We also stayed one evening at the drop in center for the night and found that when people go away–the mice come out and play. Yuck. My colleague, Ed, had one crawl over his arm as he dared to sleep on the floor. Let’s just say he didn’t stay on the floor for very long.
But then it occurred to us. Nobody should have to live like this. And yet very many do. We questioned whether being in solidarity with those that lived this way actually changed us a bit—and in hindsight, I would say that it did. There’s not a single reason that any building run by any organization should be in that kind of disrepair. We often said that the homeless and the hungry deserve more. Much more. They deserve a dignified place where they can go and actually get more than they already have.

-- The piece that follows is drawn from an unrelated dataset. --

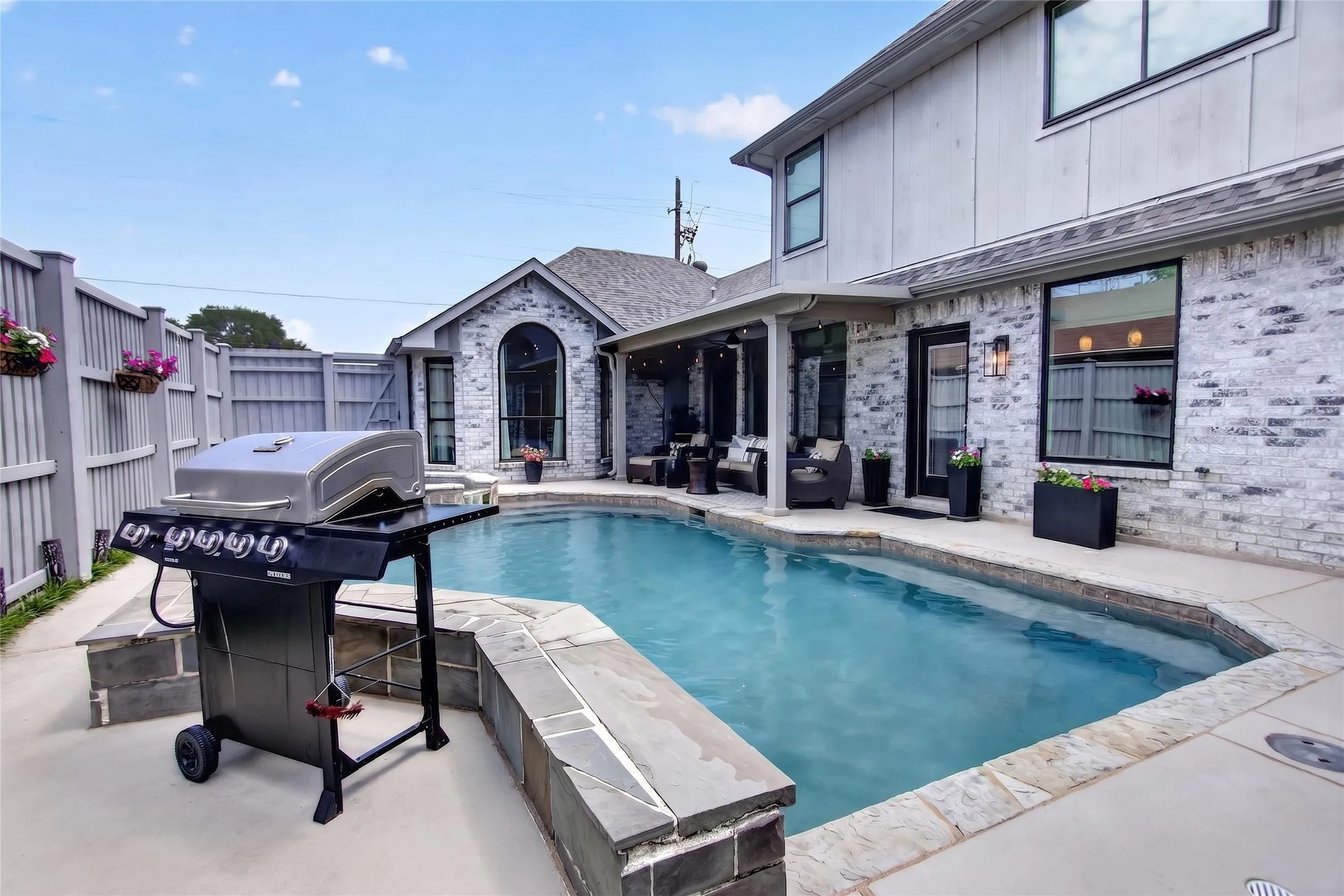 View of Spa steps away from covered patio  2021 New Pool Heater added, 2022 New Pool Pump
Just waiting for you to make a Splash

How often do we just give the poor the leftovers? Our leftover time, for starters is one thing that we give them instead of making them a priority in our lives. If we did we just might solve homelessness or make some headway into the problem.

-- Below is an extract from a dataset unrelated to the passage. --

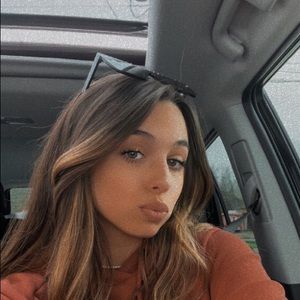 Meet your Posher, Kenzie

But most of the time we’re too self-involved. Not always a bad thing…but could we make the poor more of a priority instead of just an extra-curricular activity?
Today, ask yourself what you might keep more conscious about the poor. What can you make a regular part of your life that makes a real contribution to those who are dying, poor, hungry?
In doing so, you honor the poor with dignity…the idea that all people are children of God and are worthy of our attention.
We shouldn’t need to remind ourselves of the poor’s dignity by having to immerse ourselves in solidarity with them –but I have a feeling that we all will need to do this from time to time—because it’s sure easy to forget the poor. Today let’s pray that we don’t.